Jamie grinned at his godfather. “Remember back that far, do ye?”
“Farther back than you were born or thought of, laddie,” Murtagh had said, shaking his head.
The little clansman now stowed the vials in his sporran, methodically wrapping each one in a bit of soft leather to prevent breakage.
“I’ll send word of the ship and her sailing so soon as I may. And I’ll see ye within the month off Spain. You’ll have the money before then?”
Jamie nodded. “Oh, aye. By next week, I imagine.” Jared’s business had prospered under Jamie’s stewardship, but the cash reserves were not sufficient to purchase entire shiploads of port, while still fulfilling the other commitments of the House of Fraser. The chess games had borne fruit in more than one regard, though, and Monsieur Duverney the younger, a prominent banker, had willingly guaranteed a sizable loan for his father’s friend.
“It’s a pity we can’t bring the stuff into Paris,” Jamie had remarked during the planning, “but St. Germain would be sure to find out. I expect we’ll do best to sell it through a broker in Spain—I know a good man in Bilbao. The profit will be much smaller than it would be in France, and the taxes are higher, but ye canna have everything, can ye?”
“I’ll settle for paying back Duverney’s loan,” I said. “And speaking of loans, what’s Signore Manzetti going to do about the money he’s loaned Charles Stuart?”
“Whistle for it, I expect,” said Jamie cheerfully. “And ruin the Stuarts’ reputation with every banker on the Continent while he’s about it.”
“Seems a bit hard on poor old Manzetti,” I observed.
“Aye well. Ye canna make an omelet wi’out breakin’ eggs, as my auld grannie says.”
“You haven’t got an auld grannie,” I pointed out.
“No,” he admitted, “but if I had, that’s what she’d say.” He had dropped the playfulness then, momentarily. “It’s no verra fair to the Stuarts, forbye. In fact, should any of the Jacobite lords come to know what I’ve been doing, I expect they’d call it treason, and they’d be right.” He rubbed a hand over his brow, and shook his head, and I saw the deadly seriousness that his playfulness covered.
“It canna be helped, Sassenach. If you’re right—and I’ve staked my life so far on it—then it’s a choice between the aspirations of Charles Stuart and the lives of a hell of a lot of Scotsmen. I’ve no love for King Geordie—me, wi’ a price on my head?—but I dinna see that I can do otherwise.”
He frowned, running a hand through his hair, as he always did when thinking or upset. “If there were a chance of Charles succeeding…aye, well, that might be different. To take a risk in an honorable cause—but your history says he willna succeed, and I must say, all I know of the man makes it seem likely that you’re right. They’re my folk and my family at stake, and if the cost of their lives is a banker’s gold…well, it doesna seem more a sacrifice than that of my own honor.”
He shrugged in half-humorous despair. “So now I’ve gone from stealing His Highness’s mail to bank robbery and piracy on the high seas, and it seems there’s nay help for it.”
He was silent for a moment, looking down at his hands, clenched together on the desk.

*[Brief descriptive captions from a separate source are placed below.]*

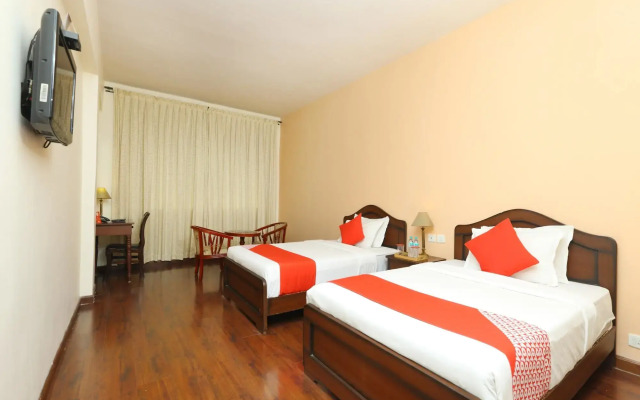 OYO 15925 Tommaso Hotels And Resorts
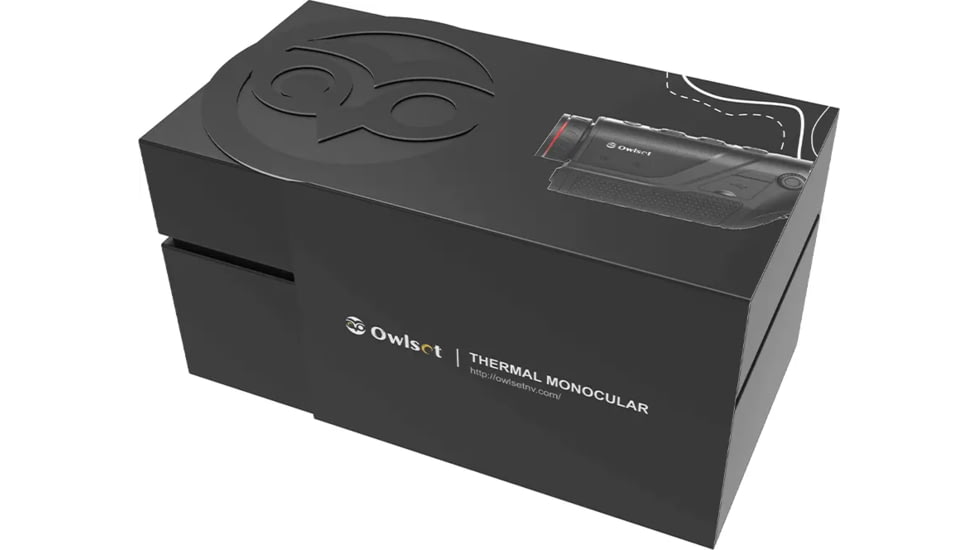 Owlset MCX30 Monocular
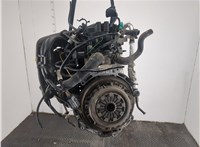 Двигатель (ДВС) Ford Fiesta 2001-2007 21074424 #4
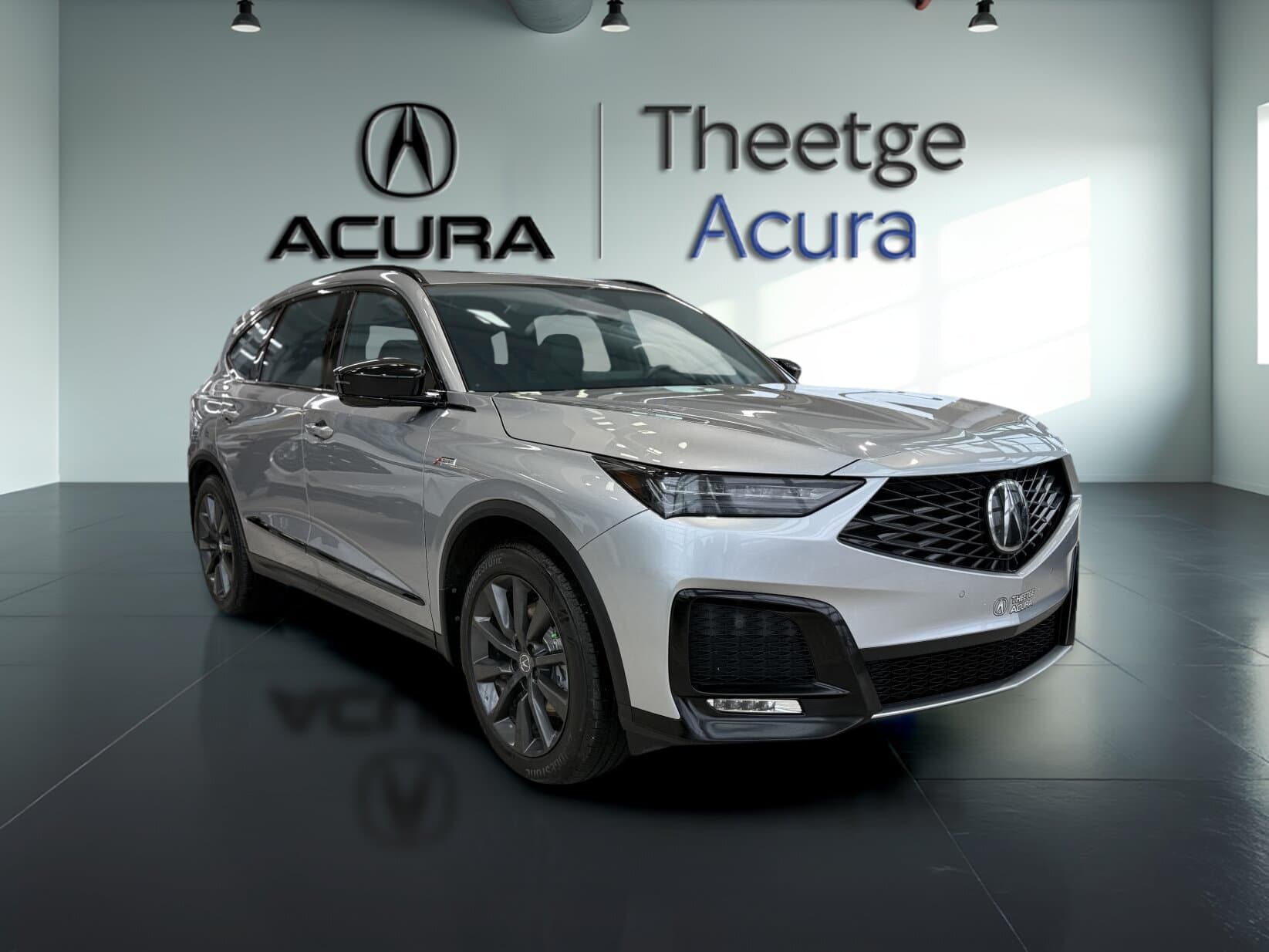 Acura MDX 2025 — photo 3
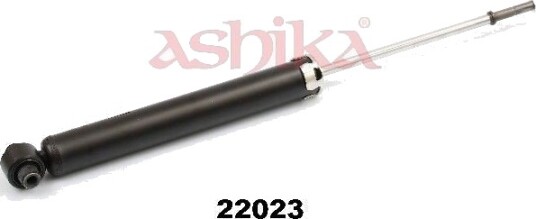 ASHIKA MA 22023 Støtdemper ASHIKA MA 22023 Støtdemper
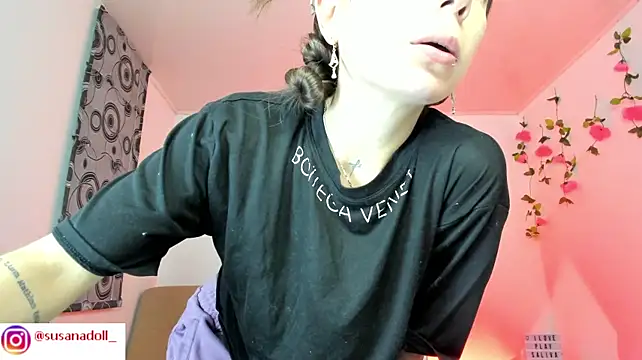 Susana_garcia_ webcam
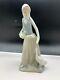 Lladro Nao Figure 24.5cm 1 Choice Excellent Condition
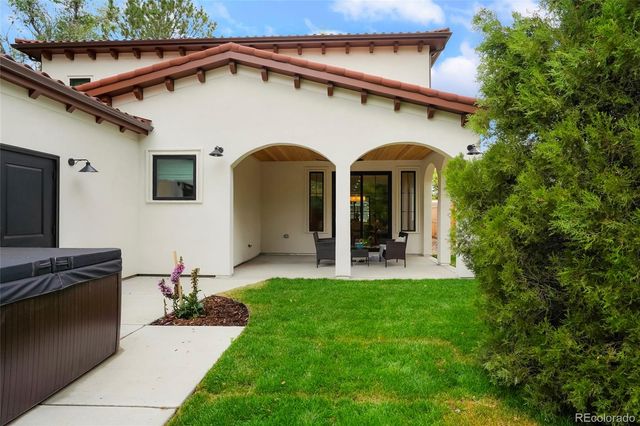 784 Locust Street, Denver, CO 80220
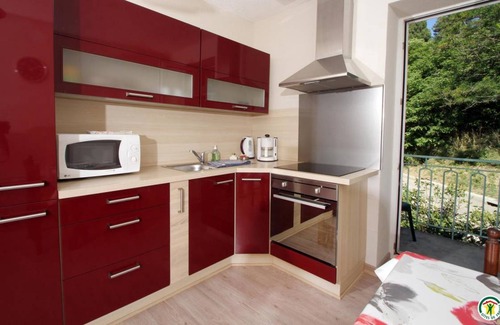 Roussas House | 40 m² Gîte ∙ 1 bedroom ∙ 2 guests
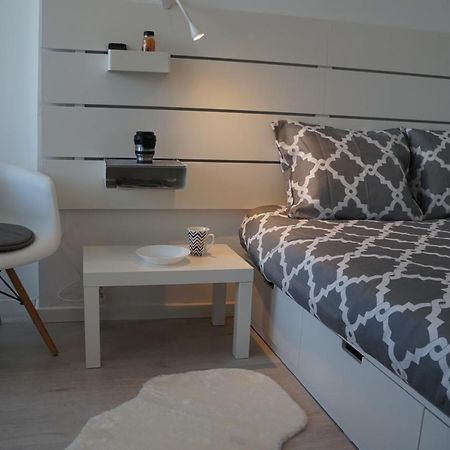 Apartament Gliwice Centrum Witkiewicza I Esterno foto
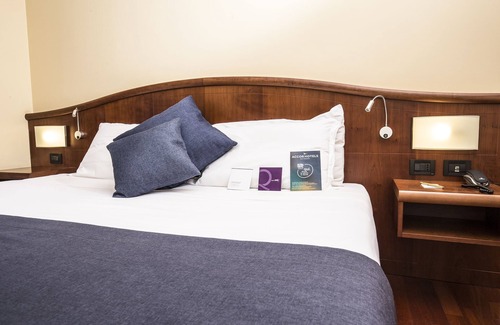 Pontedecimo Hotel | Mercure Genova San Biagio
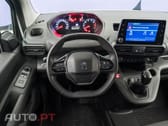 Peugeot Partner 1.5 BlueHDi Premium Standard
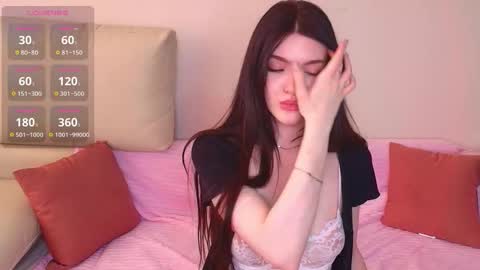 Ashley online show from 02.20.26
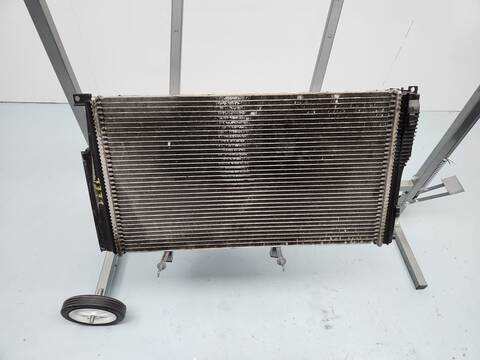 Radiador Motor Bmw Serie 1 114 118D 150CV 110KW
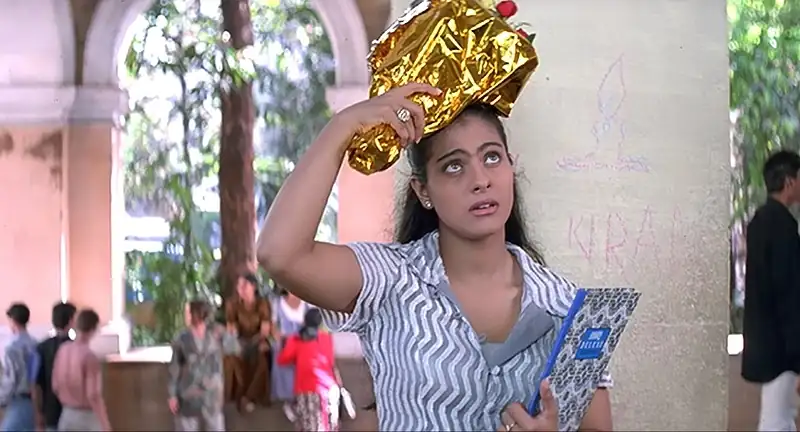 Dushman Screenshot 2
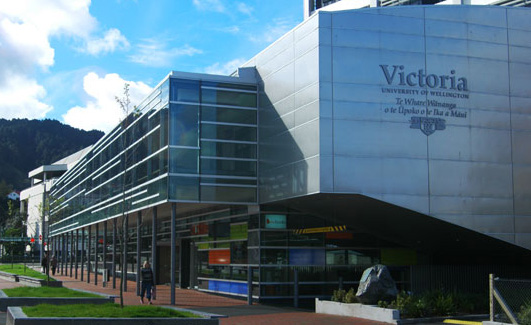 惠灵顿维多利亚大学是一所怎样的大学？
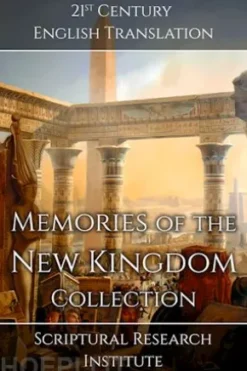 Memories of the New Kingdom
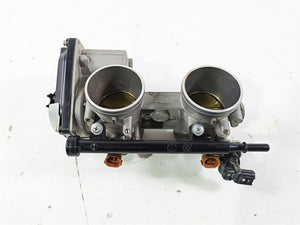 2020 Kawasaki Teryx KRX KRF 1000 Mikuni Throttle Body 16163-0991 | Mototech271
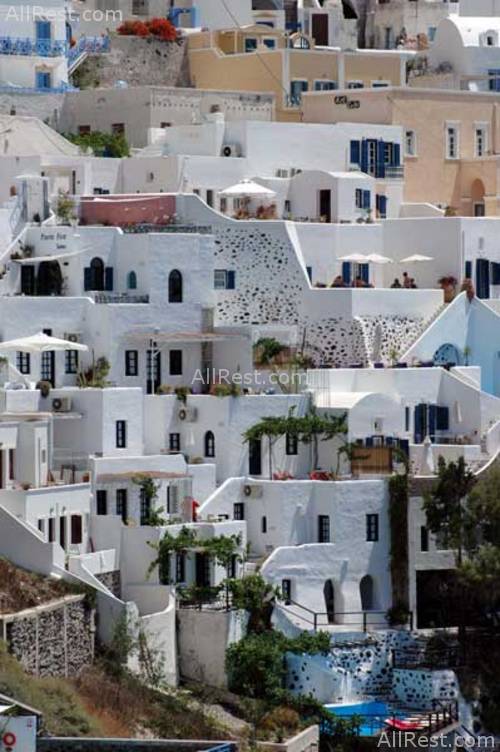 Porto Fira Suites 2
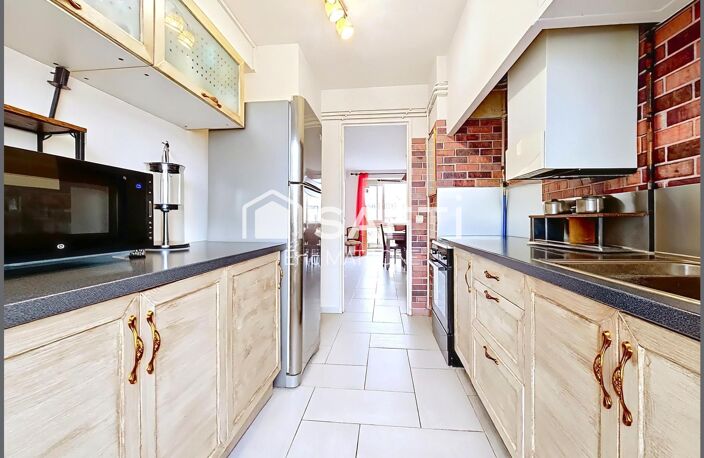 Superbe appartement 4 pièces 84 m² — photo 4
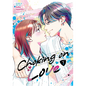 Choking on Love Vol. 3 - Paperback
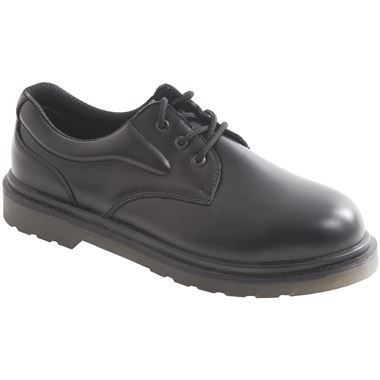 Portwest FW26 Steelite Air Cushion Leather Safety Shoe SB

Then he turned his head to me and smiled.
“I always wanted to be a pirate, when I was a bairn,” he said. “Pity I canna wear a cutlass.”
I lay in bed, head and shoulders propped on pillows, hands clasped lightly over my stomach, thinking. Since the first alarm, there had been very little bleeding, and I felt well. Still, any sort of bleeding at this stage was cause for alarm. I wondered privately what would happen if any emergency arose while Jamie was gone to Spain, but there was little to be gained by worrying. He had to go; there was too much riding on that particular shipload of wine for any private concerns to intrude. And if everything went all right, he should be back well before the baby was due.
As it was, all personal concerns would have to be put aside, danger or no. Charles, unable to contain his own excitement, had confided to Jamie that he would shortly require two ships—possibly more—and had asked his advice on hull design and the mounting of deck cannon. His father’s most recent letters from Rome had betrayed a slight tone of questioning—with his acute Bourbon nose for politics, James Stuart smelled a rat, but plainly hadn’t yet been informed of what his son was up to. Jamie, hip-deep in decoded letters, thought it likely that Philip of Spain had not yet mentioned Charles’s overtures or the Pope’s interest, but James Stuart had his spies, as well.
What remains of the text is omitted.